[Collected data entries]
◆ ◆ ◆ ◆
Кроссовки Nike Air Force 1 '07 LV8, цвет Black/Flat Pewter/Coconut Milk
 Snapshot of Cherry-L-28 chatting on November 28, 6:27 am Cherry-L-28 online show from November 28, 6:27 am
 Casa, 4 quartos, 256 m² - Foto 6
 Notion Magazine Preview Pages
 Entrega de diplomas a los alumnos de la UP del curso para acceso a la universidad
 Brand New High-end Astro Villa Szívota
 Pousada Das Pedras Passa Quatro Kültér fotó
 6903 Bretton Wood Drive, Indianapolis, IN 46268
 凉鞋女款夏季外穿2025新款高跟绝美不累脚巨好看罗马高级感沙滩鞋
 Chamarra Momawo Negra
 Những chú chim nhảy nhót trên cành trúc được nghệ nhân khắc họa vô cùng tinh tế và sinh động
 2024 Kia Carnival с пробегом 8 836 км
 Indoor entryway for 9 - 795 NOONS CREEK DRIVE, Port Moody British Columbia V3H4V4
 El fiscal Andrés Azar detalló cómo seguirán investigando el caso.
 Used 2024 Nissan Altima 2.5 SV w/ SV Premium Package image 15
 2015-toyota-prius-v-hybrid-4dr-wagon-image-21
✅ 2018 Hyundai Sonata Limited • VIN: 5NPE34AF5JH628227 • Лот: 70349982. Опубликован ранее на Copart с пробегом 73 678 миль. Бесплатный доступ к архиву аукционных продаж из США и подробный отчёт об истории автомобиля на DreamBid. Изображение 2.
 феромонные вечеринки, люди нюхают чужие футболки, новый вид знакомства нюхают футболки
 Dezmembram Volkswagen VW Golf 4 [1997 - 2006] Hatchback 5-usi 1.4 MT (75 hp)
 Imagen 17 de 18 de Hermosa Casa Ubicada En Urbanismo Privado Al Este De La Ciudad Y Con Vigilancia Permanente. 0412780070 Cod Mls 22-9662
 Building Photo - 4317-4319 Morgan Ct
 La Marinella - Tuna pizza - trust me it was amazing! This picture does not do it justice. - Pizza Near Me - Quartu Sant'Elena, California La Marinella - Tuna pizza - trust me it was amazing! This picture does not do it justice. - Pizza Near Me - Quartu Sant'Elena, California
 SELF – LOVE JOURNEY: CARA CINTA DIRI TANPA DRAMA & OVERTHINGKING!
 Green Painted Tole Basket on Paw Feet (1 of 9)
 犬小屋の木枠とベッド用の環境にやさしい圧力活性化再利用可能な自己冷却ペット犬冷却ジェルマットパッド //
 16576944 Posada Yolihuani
◆ ◆ ◆ ◆
◆ **Task directions**: Wherever a line of the records above contains the string "Casa", copy that line out.

◆ **Result of this exercise**:
 Casa, 4 quartos, 256 m² - Foto 6
 Imagen 17 de 18 de Hermosa Casa Ubicada En Urbanismo Privado Al Este De La Ciudad Y Con Vigilancia Permanente. 0412780070 Cod Mls 22-9662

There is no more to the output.